▶ [PROVIDED RECORDS]
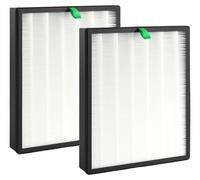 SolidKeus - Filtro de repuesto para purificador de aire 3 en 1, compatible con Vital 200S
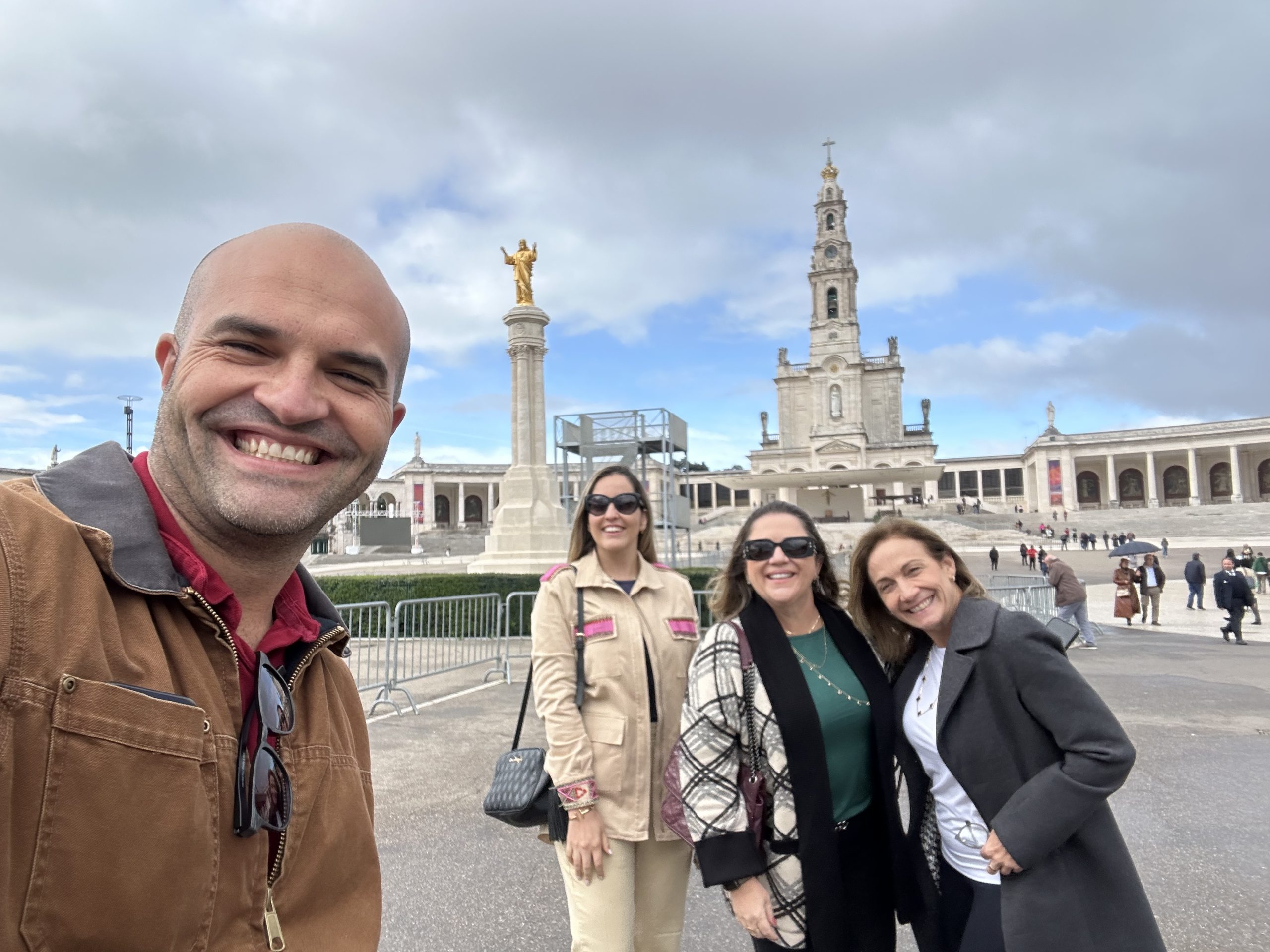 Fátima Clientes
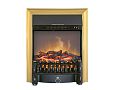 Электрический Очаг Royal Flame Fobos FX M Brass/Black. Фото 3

...

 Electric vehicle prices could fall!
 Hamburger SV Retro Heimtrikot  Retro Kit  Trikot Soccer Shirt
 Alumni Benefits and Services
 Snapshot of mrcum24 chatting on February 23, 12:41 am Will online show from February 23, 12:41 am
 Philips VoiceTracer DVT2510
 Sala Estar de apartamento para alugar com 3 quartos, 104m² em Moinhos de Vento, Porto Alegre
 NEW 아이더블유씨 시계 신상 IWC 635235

▶ [WHAT YOU NEED TO DO] What you return from the records above should be exactly everything from the line with "SolidKeus - Filtro" down to the line with "Электрический Очаг Royal", both kept, and no pictures.

▶ [SOLUTION TO THE EXERCISE]
 SolidKeus - Filtro de repuesto para purificador de aire 3 en 1, compatible con Vital 200S
 Fátima Clientes
 Электрический Очаг Royal Flame Fobos FX M Brass/Black. Фото 3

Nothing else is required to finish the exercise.